Short descriptive text snippets

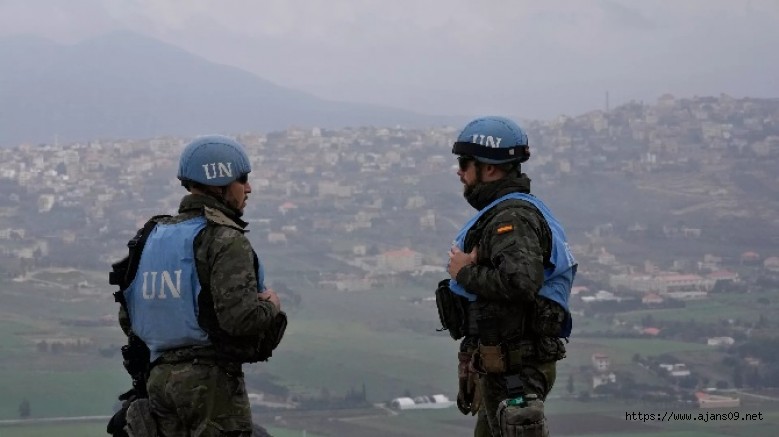 İsrail'den BM Barış Gücü'ne yeni saldırı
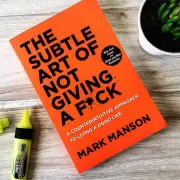 The Subtle Art of Not Giving a F*ck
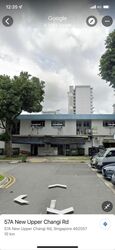 57A NEW UPPER CHANGI ROAD (D16), Shop House #570629621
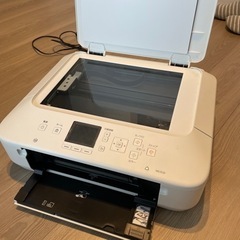 canonスキャナー付きプリンター(MG5530)の画像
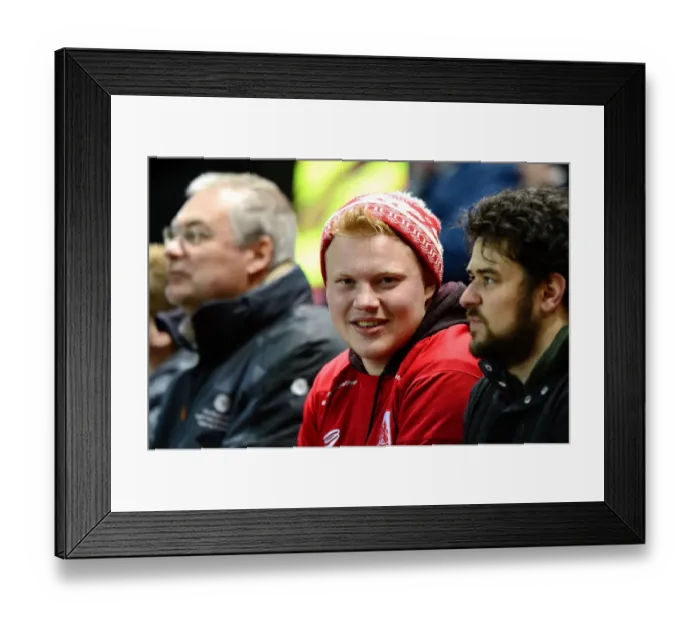 Framed Print : Intense Showdown: Sky Bet Championship Clash between Bristol City and Fulham at Ashton Gate Framed Print : Intense Showdown: Sky Bet Championship Clash between Bristol City and Fulham at Ashton Gate
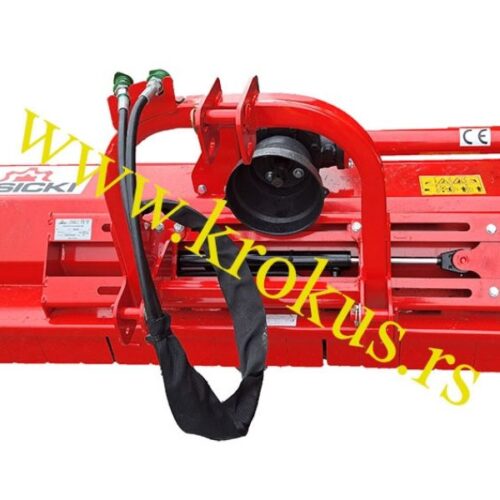 TARUP 1,6m Lisicki KB160 Hidro.Pomak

TASK TO CARRY OUT:
Please set down exactly the lines from the one holding "Ashton Gate Framed" through the last line of the entries, both ends included, and skip pictures.

WORKED SOLUTION:
 Framed Print : Intense Showdown: Sky Bet Championship Clash between Bristol City and Fulham at Ashton Gate Framed Print : Intense Showdown: Sky Bet Championship Clash between Bristol City and Fulham at Ashton Gate
 TARUP 1,6m Lisicki KB160 Hidro.Pomak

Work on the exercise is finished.